Ce tableau de Van Gogh illustre bien la cinquième strophe du Cantique du frère Soleil de François d’Assise, dédiée à sœur Eau: Loué sois-tu, mon Seigneur, par sœur Eau, laquelle est très utile et humble et précieuse et chaste.
«Saint François, écrit Éric Doyle, appelle l’eau: utile, humble, précieuse et chaste. Dire que l’eau est utile, c’est tellement évident que c’est presque un truisme. Cela aurait beaucoup avantagé l’eau si François l’avait décrite comme un élément vital ou indispensable. Même si elle est vitale pour nous, l’eau ne se glorifie jamais et elle ne nous domine pas. Elle est toujours humble, même si parfois elle nous rappelle sa puissance dans les mers déchaînées, les pluies torrentielles et dans les gonflements des rivières. Et nulle part son humilité n’est plus manifeste que dans les sources, d’où elle sort à gros bouillons pour se transformer progressivement en de grands courants puissants qui se frayent un chemin vers la mer. Mais, même si l’eau était orgueilleuse, nous saurions facilement lui pardonner, je pense, parce que sa beauté, sa force et sa richesse l’excuseraient. Elle aurait raison d’être orgueilleuse. Pourtant, la vérité est que l’eau demeure humble.» Saint Bonaventure compare la vie spirituelle de François d’Assise à l’humilité de sœur Eau: «Ceux qui cherchent de l’eau doivent creuser profond. Pareillement, qui désire être rempli de l’eau vive doit creuser en lui un puits d’humilité… L’humilité prépare un lieu où s’épanchera l’amour.»

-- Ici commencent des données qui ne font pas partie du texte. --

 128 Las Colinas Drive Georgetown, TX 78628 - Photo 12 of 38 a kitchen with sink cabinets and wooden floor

Saint François utilise aussi deux autres qualificatifs pour décrire l’eau. Il la dit ‘précieuse et chaste’… «C’est la deuxième fois, écrit Éloi Leclerc, que nous rencontrons dans ce cantique le qualificatif ‘précieux’. La première fois il était accroché aux étoiles. Quelque chose de l’éclat des étoiles se retrouverait-il dans l’eau? Il arrive que sœur l’Eau, rivalisant avec le ciel étoilé, scintille comme pierres précieuses. Mais n’est-il pas étrange que François, le pauvre absolu, rêve ainsi de substances précieuses au ciel et sur la terre! Il rêve d’étoiles précieuses et d’eau précieuse! De sa part, la répétition d’un tel qualificatif, à quelques lignes d’intervalle seulement et à propos de réalités aussi différentes, appelle toute notre attention… Pour François, une matière précieuse est une matière susceptible de symboliser le sacré.»

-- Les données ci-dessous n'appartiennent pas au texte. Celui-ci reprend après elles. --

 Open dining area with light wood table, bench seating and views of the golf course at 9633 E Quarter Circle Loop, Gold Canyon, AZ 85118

«On ne doit pas, dès lors, s’étonner de voir ce qualificatif ‘précieux’ associé à celui de ‘chaste’ dans l’image de sœur l’Eau. Les deux attributs vont dans le même sens… L’eau précieuse est une eau vive. Et cette eau vive jaillit des profondeurs inviolées, d’une source cachée, sacrée… L’eau vive a toujours une source plus profonde que le puits le plus profond. C’est une source sans contact avec le monde extérieur, une source intacte, vierge, sacrée.»
Et vous, les eaux par-dessus le ciel, bénissez le Seigneur. Et vous, océans et rivières, bénissez le Seigneur: A lui, haute gloire, louange éternelle!